Adversaria: An Adversarial Steganographic Method for Imperceptible Video Watermarking

Audiomask is an imperceptible watermarking tool for verifying video content ownership.

Overview

• Use this tool in your custom service (e.g. social network, platform, forum, etc) where this applies and makes sense to implement.

Install

pip install adversaria

Usage

Import the library with a de-facto alias if you'd like. import adversaria as ara

Import the function to generate the perturbation key based on the metadata of both the original video content data, the creator_id, and among other variables. Even if target users know that their content is imperceptibly perturbed, they can't detransform the image if they don't know the metadata and psuedorandom unsigned long value that was used to create the key that they don't have access to, making it nearly impossible to decode the video content itself.
from adversaria.key_generation import generate_perturbation_key

Given that we have created a unique perturbation_key with generate_perturbation_key, we must now apply this unique and imperceptible transformation scheme to the target content linked to the target user by iterating over the frames of the video content. from adversaria.adversarial import apply_perturbation_key

As far as generating the unique perturbation_key for your target user, you must split the video so that each frame can be imperceptibly perturbed and its unique perturbation_key extrapolated continuously.

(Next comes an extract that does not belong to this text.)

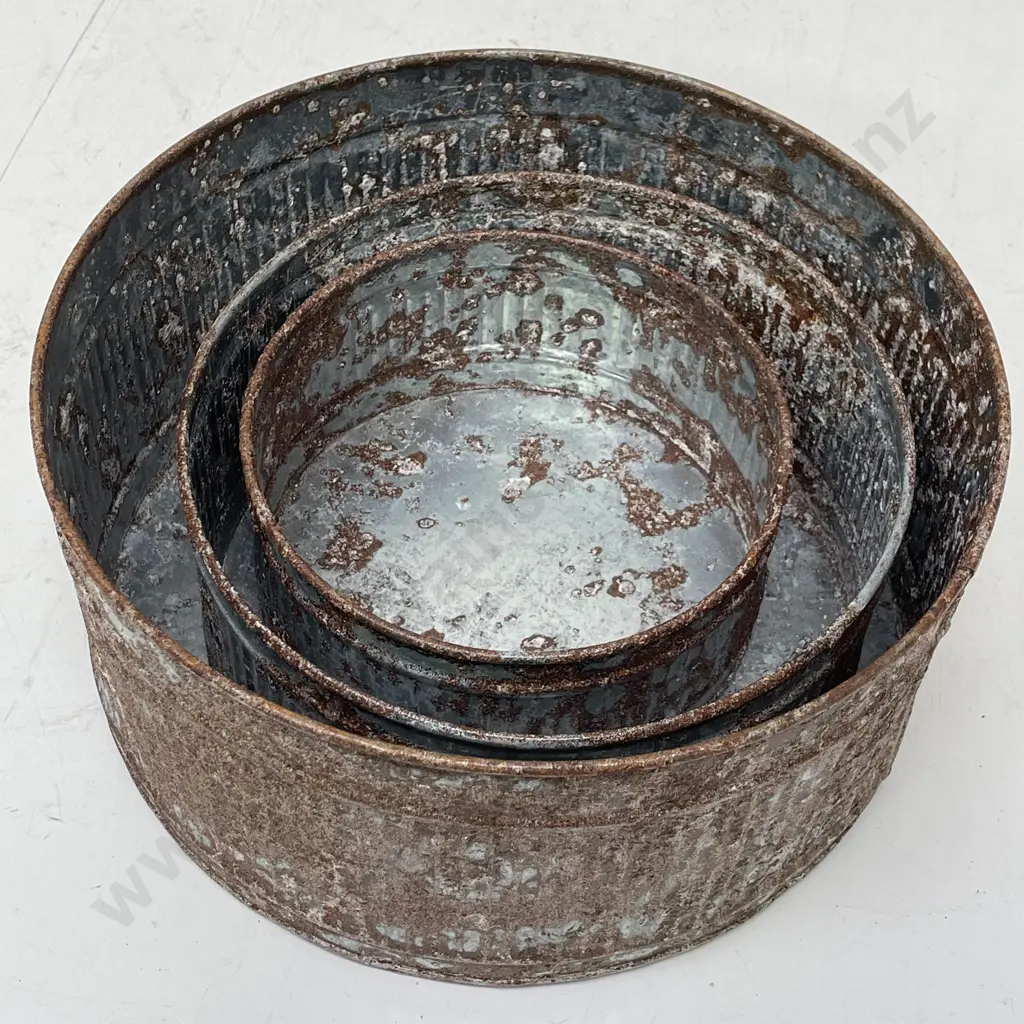 Rustic Zinc Trio of Round Planters Image 1++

It is optional to store JSON metadata for each frame and the norm-value and grad norm-type applied to each frame as far as understanding the constant and non-constant variables applied to generate these keys. from adversaria.video_split import split_video

It is important to have persistent state management regarding the metadata assigned to both the vertices and the edges that link the original and imperceptibly perturbed video content to track (psuedonymous or non-pseudonymous) users. Thus, the store_perturbation_state function is meant to store a JSON object for each local graph that links an original post of video content to all the copies generated for each user. It'd be important to then setup the backend to handle this on-prem real-time perturbation operation because it requires generating copies of video only visible to target users that interact with the target content that is posted. from adversaria.utils import store_perturbation_state

Algorithm

1. Split a video into a sum of its frames
2. Apply a norm-bounded gaussian-distribution perturbation for each frame in the total frames
3. Create a partial key string from each frame based on the random perturbation scheme applied to the frame. Iteratively repeat steps 2-3 for all frames.
4. Merge the partial keys together to create a unique perturbed_content_id that links to the transformed image. The key generation process depends on the perturbations which are unique to each frame in the video in question. Therefore, the key generated must be linked to the imperceptibly perturbed image frame set.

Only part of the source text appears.